Quelques petites « règles » avant de commencer:
1/ ne jamais rien croire ni même LIRE ce qui est dit de Tim Burton sur le net. J'ai débuté comme ça, et après plus de recherches je me suis rendu compte que c'était un gros tas de merde. Vraiment... généralement j'évite les fansites parce que ça peut me mettre en colère pour le reste de la journée!
2/ n'achetez AUCUN livre sur Tim Burton, vous perdez votre argent c'est du même topo, d'ailleurs les fansites s'inspirent souvent de ces bouses. En gros, c'est comme les fansites, sauf qu'en plus de perdre votre temps, vous payez pour perdre votre temps! Le seul livre que vous ayez le droit de lire, c'est Burton on Burton qui est un (super) recueil d'interviews de Tim Burton, avec ses dessins etc, et c'est pour moi la base de tout pour les fans. C'est un bon début, mais faut pas s'en tenir qu'à là, en gros.
3/ ne partez pas du principe que sous prétexte que quelqu'un connaît le cinéma, il comprend Tim Burton, parce que quand je lis certains magazines "reconnus" et que je vois ce qu'ils ont à dire de Burton, c'est un massacre ils passent toujours à côté de l'essentiel.
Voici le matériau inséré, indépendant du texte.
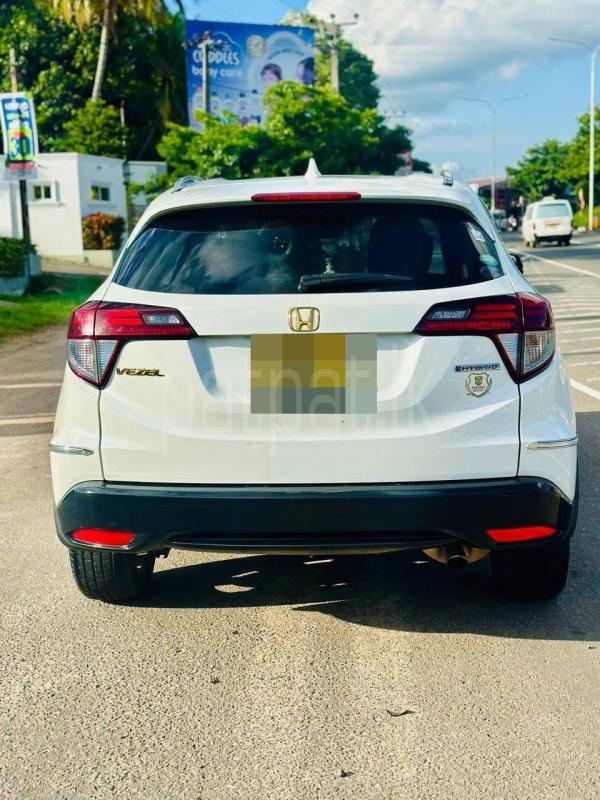 Honda Vezel 2014 - Used SUV sale in Sri Lanka - patpat.lk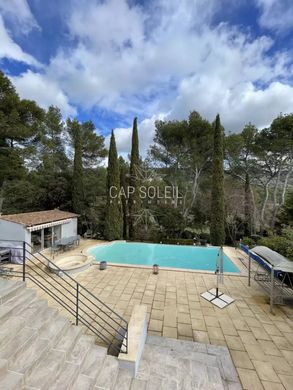 Maison de luxe à Taillades, Vaucluse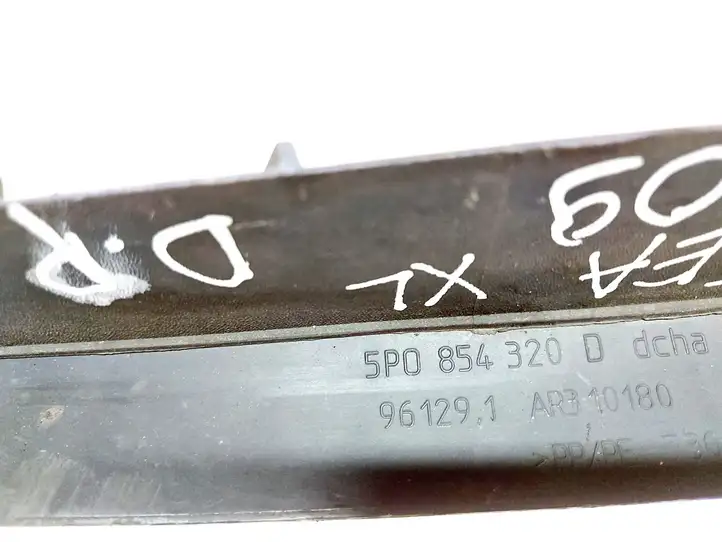 Seat Altea XL (2004 - 2015) 5P0854320D Накладка стоек лобового стекла — фото 4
Ma mère ne connait presque rien au cinéma, et c'est sûrement la spectatrice la plus réceptive que j'aie jamais vu vis à vis de ce film. Donc, voilà!
4/ ne vous fiez qu'à ce que Tim Burton dit et fait. C'est la règle la plus importante. Ecoutez les commentaires audios, recherchez ses interviews, et un truc cool aussi si vous pouvez le faire c'est essayer de copier ses dessins (pas au calque hin, comme ça). Parce que j'ai remarqué que quand on apprend à dessiner comme quelqu'un, on comprend bien mieux ce quelqu'un.
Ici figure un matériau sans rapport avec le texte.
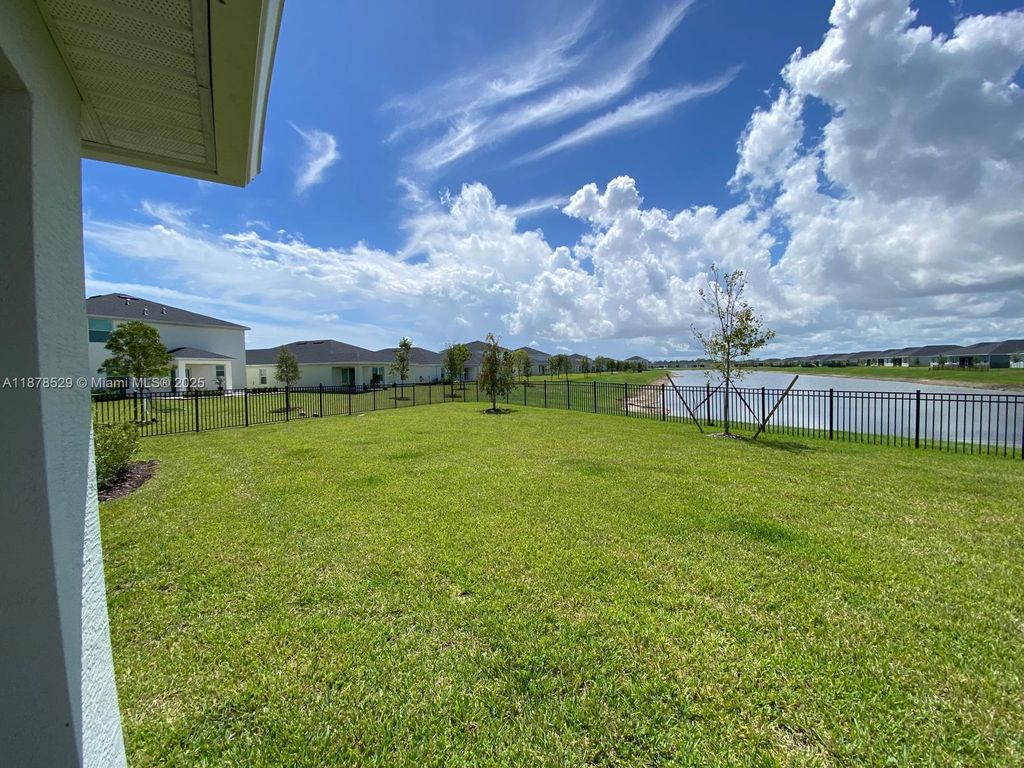 Photo of 11060 NW Middle Stream Dr, Port St Lucie, FL 34987 (MLS # A11878529)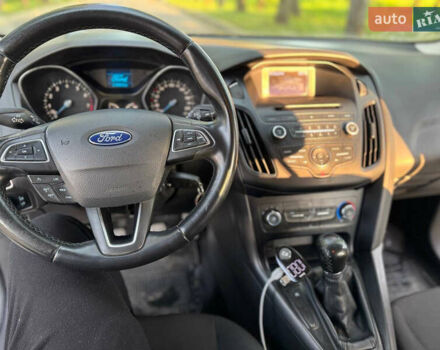 Белый Форд Фокус, объемом двигателя 1 л и пробегом 170 тыс. км за 7000 $, фото 10 на Automoto.ua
Autre petit conseil si vous êtes très motivé, notez tous les noms de films et de livres et de peintres cités par Tim Burton (même quand il dit que c'est de la merde) et essayez de les voir dans des médiathèques ou achetez les. J'ai une vidéothèque de près de 300 films qui vient uniquement de là, donc vous avez de quoi faire. C'est le meilleur moyen le comprendre, en rentrant dans sa tête et dans son état d'esprit. Parfois, les recherches sont infructueuses (comme pour Edgar Allan Poe, où je n'ai jamais vu en quoi Poe avait influencé Burton), mais parfois aussi on découvre des perles rares.
Bon passons au film.
Pour comprendre Edward Scissorhands, il faut comprendre certaines choses sur Tim Burton. Je vais faire un bref résumé de ce qui à mon avis fait que Tim Burton est Tim Burton – l'essence.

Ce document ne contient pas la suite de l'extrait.